Records from a dataset
^^^^^^^^

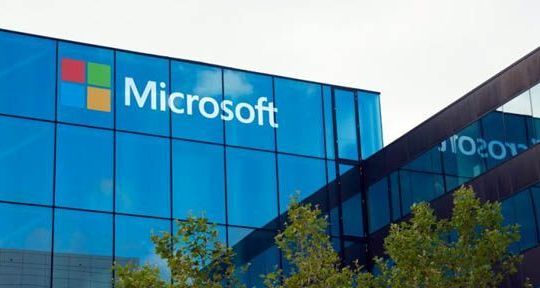 Cổ phiếu tăng mạnh, Microsoft vượt Google về giá trị vốn hóa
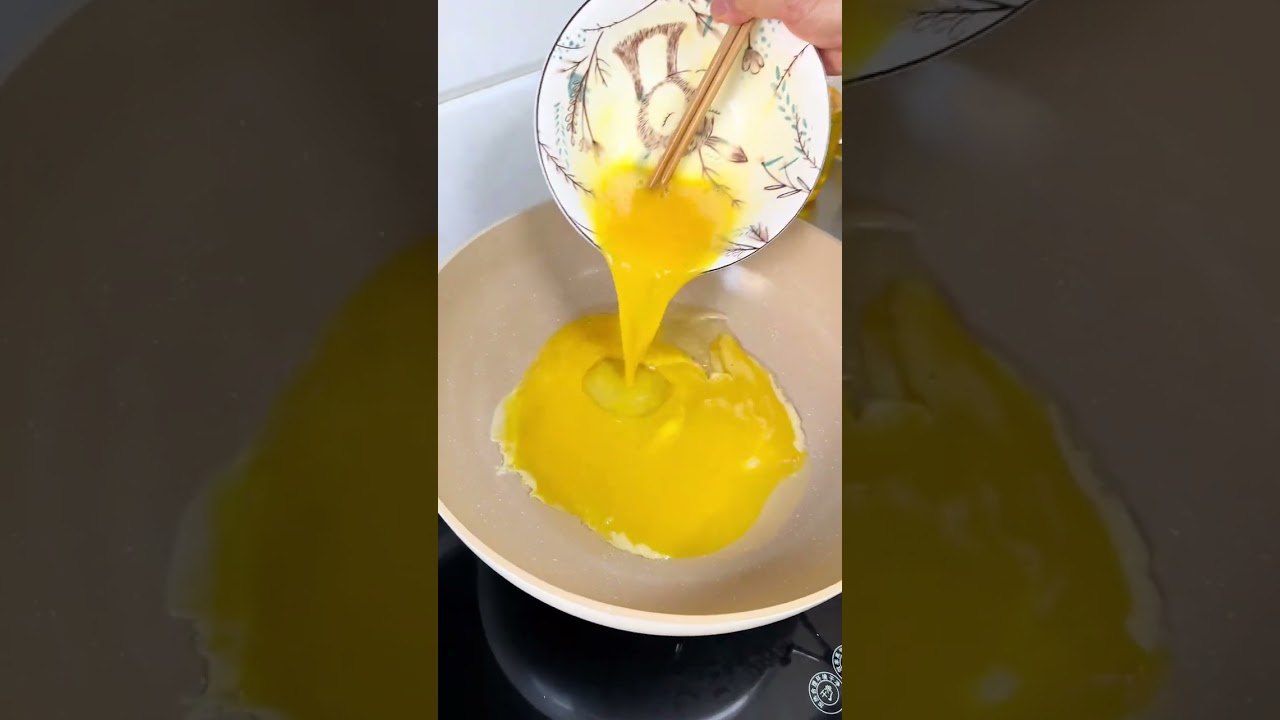 今天做一道葱爆鸡蛋，鸡蛋滑嫩鲜香，葱香浓郁！裹满了酱汁，巨香巨下饭#抖音美食推荐官 #我的厨房日记 #家常菜 #下饭神器 #每天分享做菜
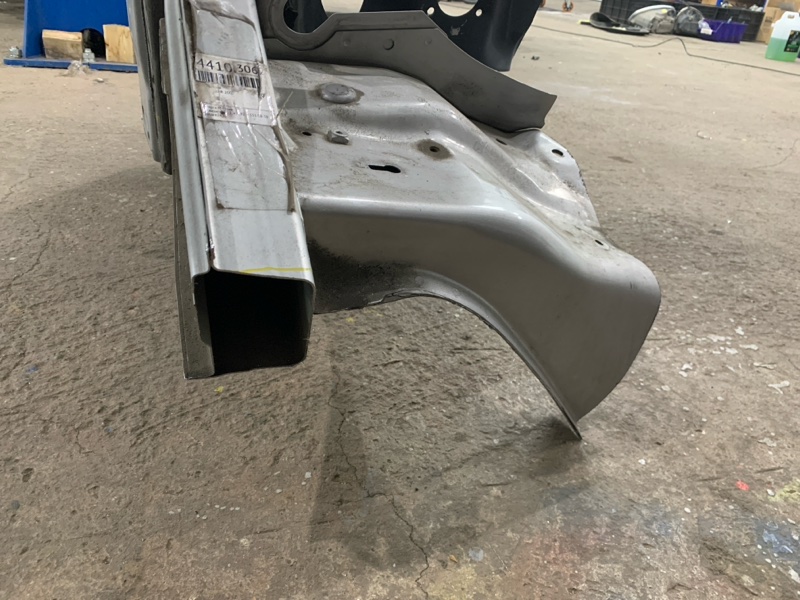 лонжерон, 3800 рублей, Красноярск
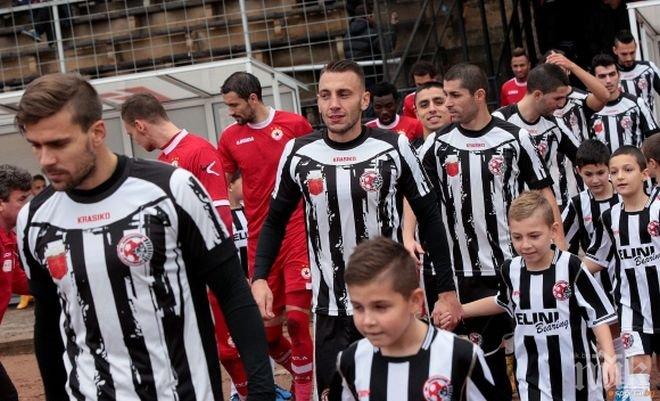 ЦСКА пазарува от изненадата на Б група

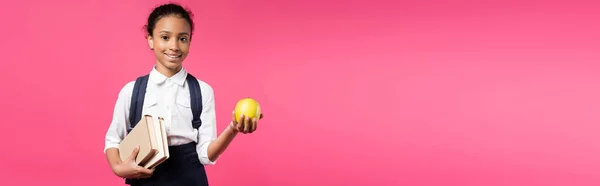 Leende Afrikansk Amerikansk Skolflicka Med Ryggsäck Och Äpple Isolerad Rosa — Stockfoto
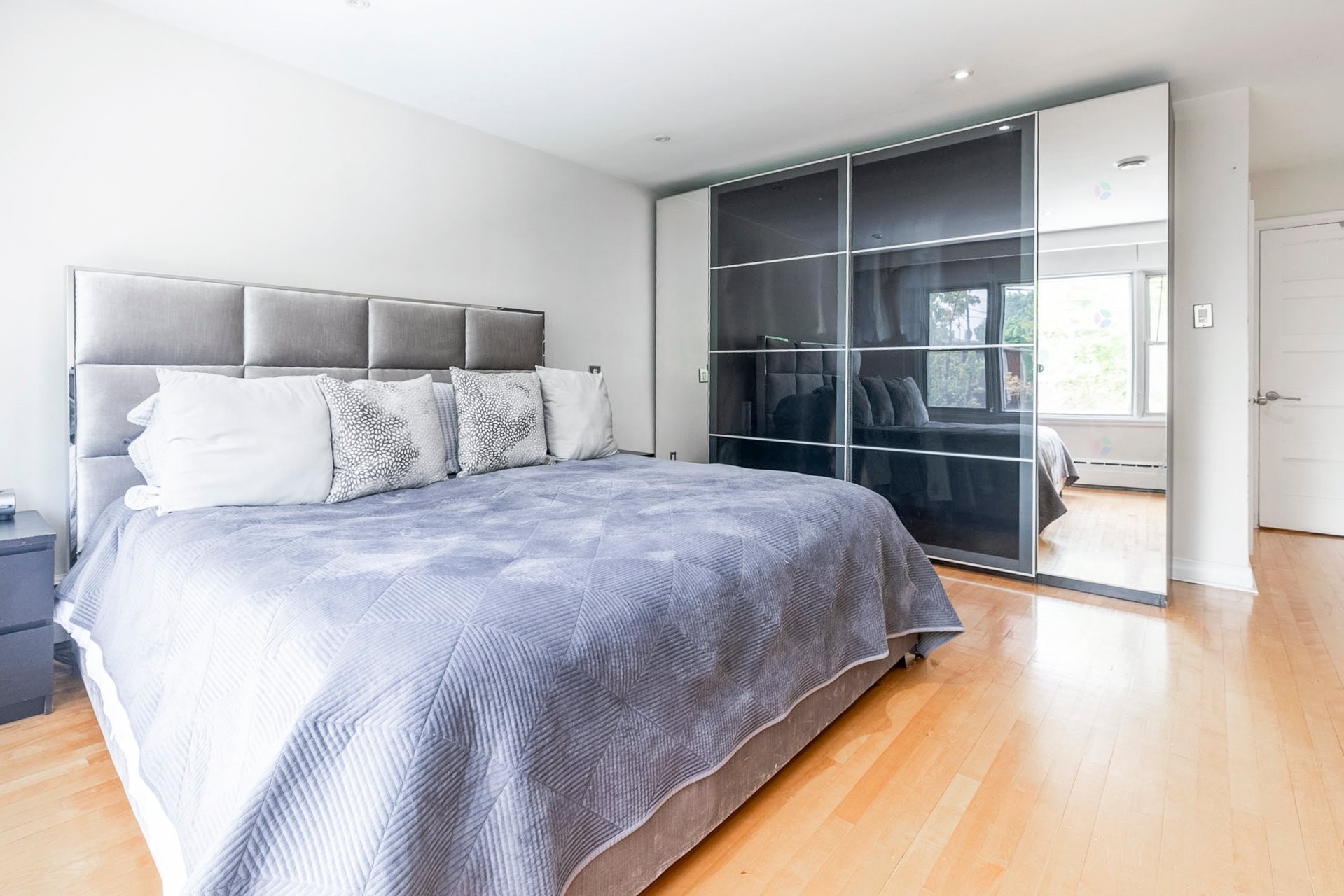 









2490


Rue Major

,
Montréal (Saint-Laurent),




QC
H4M1E4

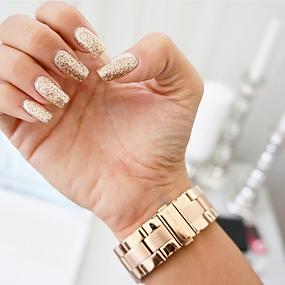 shiny-glam-wedding-nail-ideas-1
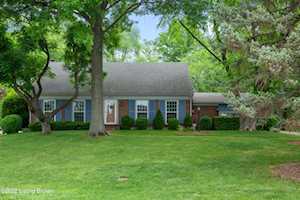 3305 Behr Ct Louisville, KY 40220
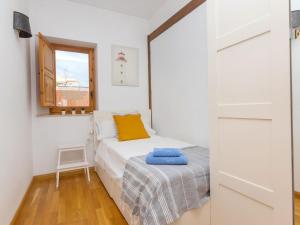 Posteľ alebo postele v izbe v ubytovaní Apartment Port Vilanova by Interhome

^^^^^^^^

_TASK TO COMPLETE_. All records above must be output exactly as they stand, excluding pictures.

_RESPONSE TO THE TASK_.
 Cổ phiếu tăng mạnh, Microsoft vượt Google về giá trị vốn hóa
 今天做一道葱爆鸡蛋，鸡蛋滑嫩鲜香，葱香浓郁！裹满了酱汁，巨香巨下饭#抖音美食推荐官 #我的厨房日记 #家常菜 #下饭神器 #每天分享做菜
 лонжерон, 3800 рублей, Красноярск
 ЦСКА пазарува от изненадата на Б група

 Leende Afrikansk Amerikansk Skolflicka Med Ryggsäck Och Äpple Isolerad Rosa — Stockfoto









2490


Rue Major

,
Montréal (Saint-Laurent),




QC
H4M1E4

 shiny-glam-wedding-nail-ideas-1
 3305 Behr Ct Louisville, KY 40220
 Posteľ alebo postele v izbe v ubytovaní Apartment Port Vilanova by Interhome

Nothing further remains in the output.